Temp Table's Primary Key Default

Question

Temp Table's Primary Key Default

Viewing 15 posts - 16 through 30 (of 31 total)

You must be logged in to reply to this topic. Login to reply

rchantler SSCrazy Points: 2128 More actions · Answer 1

First, thanks to all who have taken an interest in this.

I've played around with this code. One observation - any form of UNIQUE constraint on the temp table results in the poor execution plan. Leaving the temp table as a heap gives the quickest performance. I've boiled the case down to essentials; here is the SQL code in two parts. The first part generates the test data; the second part runs the query. You'll need a tally table to help generate the test data.
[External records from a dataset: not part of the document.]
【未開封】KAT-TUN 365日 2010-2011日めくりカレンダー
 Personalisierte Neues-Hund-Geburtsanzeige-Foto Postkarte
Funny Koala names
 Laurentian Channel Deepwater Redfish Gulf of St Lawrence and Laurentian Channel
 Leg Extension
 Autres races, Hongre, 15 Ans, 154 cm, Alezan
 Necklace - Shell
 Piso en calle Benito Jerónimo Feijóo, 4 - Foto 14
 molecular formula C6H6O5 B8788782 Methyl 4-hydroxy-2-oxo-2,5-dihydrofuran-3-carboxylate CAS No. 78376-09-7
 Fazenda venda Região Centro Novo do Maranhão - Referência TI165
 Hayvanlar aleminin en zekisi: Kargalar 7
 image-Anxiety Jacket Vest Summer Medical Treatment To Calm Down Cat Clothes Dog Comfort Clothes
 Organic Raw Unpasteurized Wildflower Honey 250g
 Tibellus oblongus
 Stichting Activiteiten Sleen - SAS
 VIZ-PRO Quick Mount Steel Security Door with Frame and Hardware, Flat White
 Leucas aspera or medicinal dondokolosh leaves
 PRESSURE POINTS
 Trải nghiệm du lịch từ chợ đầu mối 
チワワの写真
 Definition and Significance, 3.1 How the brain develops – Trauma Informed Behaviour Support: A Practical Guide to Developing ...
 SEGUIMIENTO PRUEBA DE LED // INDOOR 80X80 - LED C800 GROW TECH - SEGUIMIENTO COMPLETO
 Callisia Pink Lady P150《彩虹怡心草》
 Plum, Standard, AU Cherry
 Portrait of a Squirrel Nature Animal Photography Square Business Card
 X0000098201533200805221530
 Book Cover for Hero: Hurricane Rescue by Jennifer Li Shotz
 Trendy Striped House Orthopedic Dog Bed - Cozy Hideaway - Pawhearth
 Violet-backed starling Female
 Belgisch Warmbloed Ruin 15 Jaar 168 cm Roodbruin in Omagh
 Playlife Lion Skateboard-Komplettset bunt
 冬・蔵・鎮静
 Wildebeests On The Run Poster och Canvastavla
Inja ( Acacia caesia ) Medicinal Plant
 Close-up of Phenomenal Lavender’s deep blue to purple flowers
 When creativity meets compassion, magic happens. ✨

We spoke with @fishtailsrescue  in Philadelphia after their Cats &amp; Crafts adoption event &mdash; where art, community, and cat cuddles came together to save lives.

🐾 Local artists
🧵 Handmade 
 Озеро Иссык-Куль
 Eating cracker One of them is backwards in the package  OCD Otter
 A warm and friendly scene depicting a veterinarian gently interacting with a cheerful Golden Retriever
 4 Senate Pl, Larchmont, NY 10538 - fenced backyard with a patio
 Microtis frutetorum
-- Note: You will need a tally table to create the test data

-- Early data is monthly; later data is daily

-- Define a mapping table [DateMap] that maps early monthly data to daily dates

-- and later daily data to daily dates so data can be pulled for daily

-- dates over the entire date range

IF OBJECT_ID('dbo.DateMap') IS NOT NULL drop table dbo.DateMap

CREATE TABLE [dbo].[DateMap]

(

[adate] [smalldatetime] NOT NULL,

[calcdate] [smalldatetime] NULL)

INSERT INTO dbo.DateMap(adate)

SELECT CAST(N AS SMALLDATETIME)

FROM dbo.tally2 -- First use of Tally Table

WHERE N BETWEEN 29249 AND 42275

UPDATE dbo.DateMap

SET calcdate = adate

WHERE adate >= '31-aug-2008'

-- Define two CTEs

;WITH datecalc AS(

SELECT *, y= Year(adate), m= Month(adate), rn = ROW_NUMBER()OVER(ORDER BY adate)

FROM dbo.DateMap)

, monthends AS(

SELECT DC1.*

FROM datecalc DC1

JOIN datecalc DC2

ON DC1.rn = DC2.rn-1

WHERE DC1.m <> DC2.m)

UPDATE DM

SET calcDate = X.adate

FROM dbo.dateMap DM

OUTER APPLY( SELECT TOP 1 adate

FROM monthends M

WHERE DM.adate >= M.adate

ORDER BY M.adate DESC

) X

WHERE DM.calcDate IS NULL

ALTER TABLE dbo.DateMap ADD CONSTRAINT PK_DateMap PRIMARY KEY CLUSTERED(Adate ASC)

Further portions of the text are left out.